Nie będę pisać na temat
religii i jej wyznawców.. przytoczę tylko kilka przykazań. Ot tak,
z ciekawości, bez machania pięścią i wygrażania że wszyscy
pójdziemy do piekła.. albo i gdzieś indziej gdzie pokutować za
grzechy trzeba. Osobiście uważam że jeśli Pan Bóg istnieje, i
jest stwórcą i jest wszechmocny i wszechwiedzący.. i od początku
stworzenia wiedział o dniu sądu ostatecznego etc... wiec jest
okrutnym stwórca , kazać ludziom przestrzegać jego zasad , a jak
nie będą posłuszni to spotka ich kara boska.
No wiec jedziemy z tym
koksem:
- Nie będziesz miał bogów cudzych przede mną- no tu zrozumiale.. nic nie dodam.
- Nie będziesz brał imienia Pana, Boga swego, nadaremnie. - tu akurat wszyscy wierni nadużywają w dowolnej ilości.
- Pamiętaj, abyś dzień święty święcił.- ojoj, święcą święcą.. a jak potem ich wszystko boli! że aż na niedzielna msze z kacem dojść nie mogą i za to będą się palić w piekle.
- Czcij ojca swego i matkę swoją.- staramy się, ale na szacunek tez trzeba sobie zasłużyć, nie wystarczy urodzić , bądź spłodzić w przypadku mężczyzny.

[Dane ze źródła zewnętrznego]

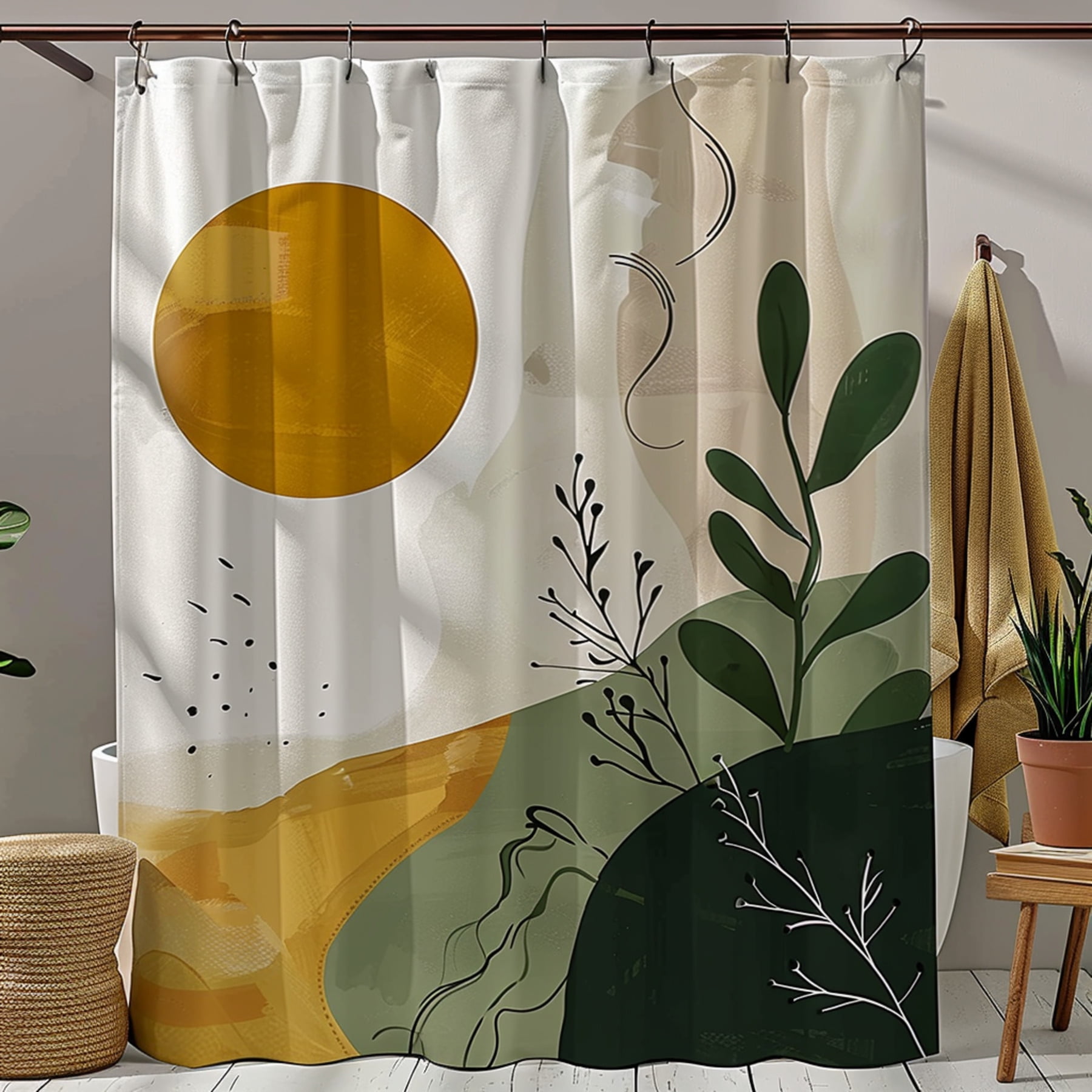 Abstract Organic Shapes Shower Curtain with Green Yellow Beige Colors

No przykro mi .. czasy są jakie są.. Pan Bóg na pewno to przewidział, te wszystkie kryzysy, ciąże bez ślubu etc.. wiec jednym słowem znęca się i stawia wysoko poprzeczkę swoim wiernym.
- Nie zabijaj. - no nie zabijaj bliźniego rozumiem, ale resztę zabijamy bez ograniczeń, zabijamy czas, myśli, pragnienia, uczucia, pająka na ścianie, i inne zwierzęta które następnie spożywamy dziękując że mamy co jeść.

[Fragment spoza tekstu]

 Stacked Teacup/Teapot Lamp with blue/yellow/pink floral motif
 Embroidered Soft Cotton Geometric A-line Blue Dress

- Nie cudzołóż.- tu mam dylemacik (udawany) , bo cudzołóż.. chyba jest wyrazem złożonym.. pochodzi od cudze i loże.. czyli jak w naszym łożu to możemy robić co chcemy, ale w cudzym nie. No nie będę się rozpisywać...

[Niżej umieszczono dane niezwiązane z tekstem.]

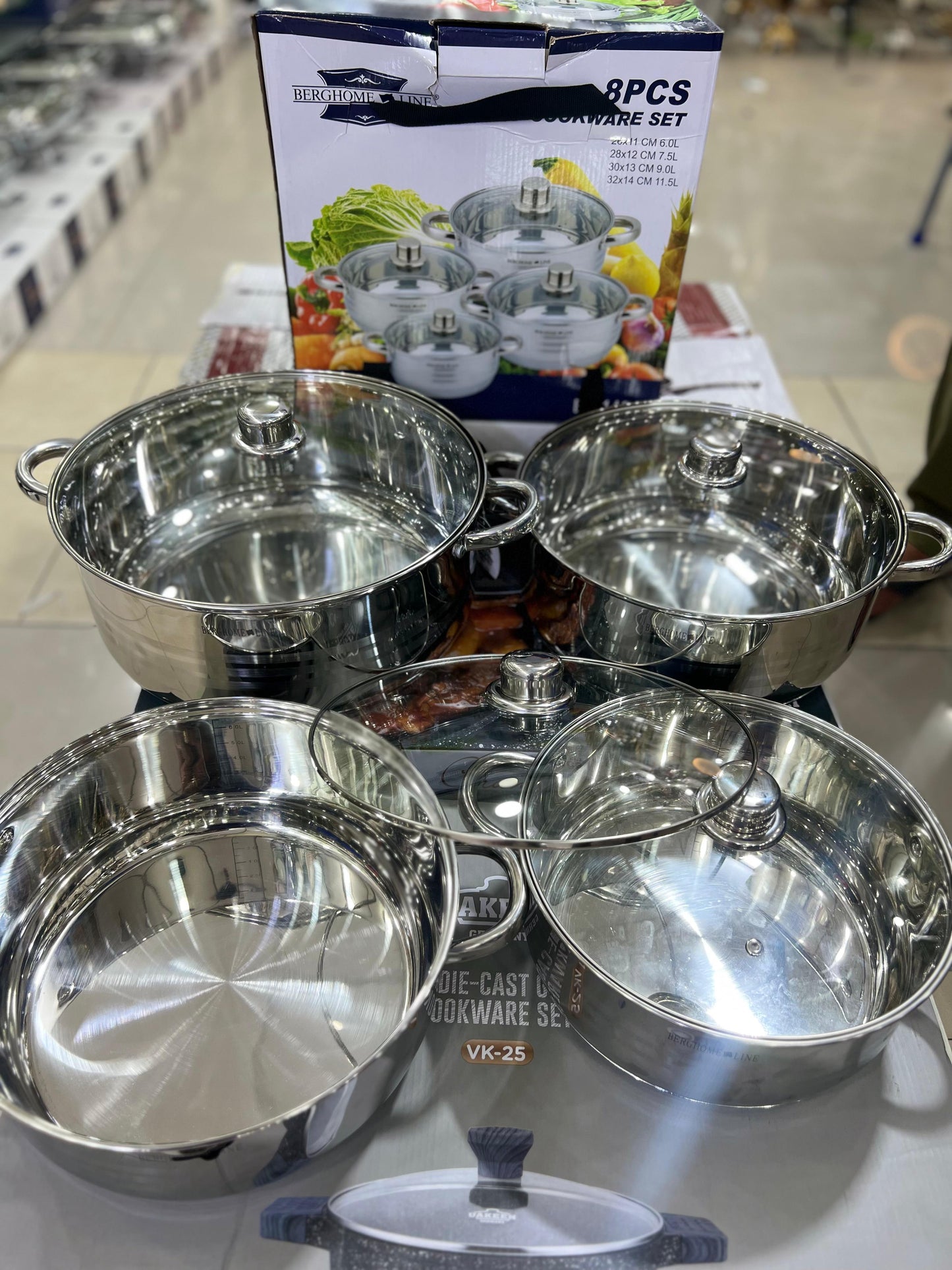 Berghome Line 8pcs stainless steel cookware set BL-1465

- Nie kradnij.- nie możliwe jest nie kraść.. każdy od małego jak nie ukradł lizaka w sklepie, to gwizdnął gumkę w szkole koledze, a teraz okradamy jedni drugich zwalając na kogo popadnie, polityk na polityka, sąsiad na sąsiada etc... (kłamstwo też podobno jest grzechem, wiec grzech na grzechu !)
- Nie mów fałszywego świadectwa przeciw bliźniemu swemu.- oj, nie pamiętam żeby zdarzyło mi się “fałszywie” najeżdżać na szefowa! Jak coś mówimy to zawsze szerze i prawdziwie.
- Nie pożądaj żony bliźniego swego.- no jak nie pożądać .. jak ona jest taka ,że uf...!? Pożądać grzech, myśleć o niej grzech, najlepiej się wykastrować z wszystkich możliwych uczuć i będziemy wolni od pożądania
- Ani żadnej rzeczy, która jego jest.- no, to już jest zupełne ograniczenie pragnień. Ja przecież sąsiadowi dachówki nie ukradnę, tylko dlatego że też chce taką.. ale sobie na nią zarobię i kupię... ale pożądać mi nie wolno!? To od czego mamy marzenia? To przecież rodzaj pożądania..
Podsumowując.
Ja wiem że jestem grzesznica... grzeszę myślą (o każdej porze
dnia i nocy) , uczynkiem i zaniedbaniem.. ( zwłaszcza jak kładę
zlewkę i nic nie robię... lenistwo też grzech).
Ale mówią że jestem dobrym człowiekiem.. i chyba tego bedę się trzymać.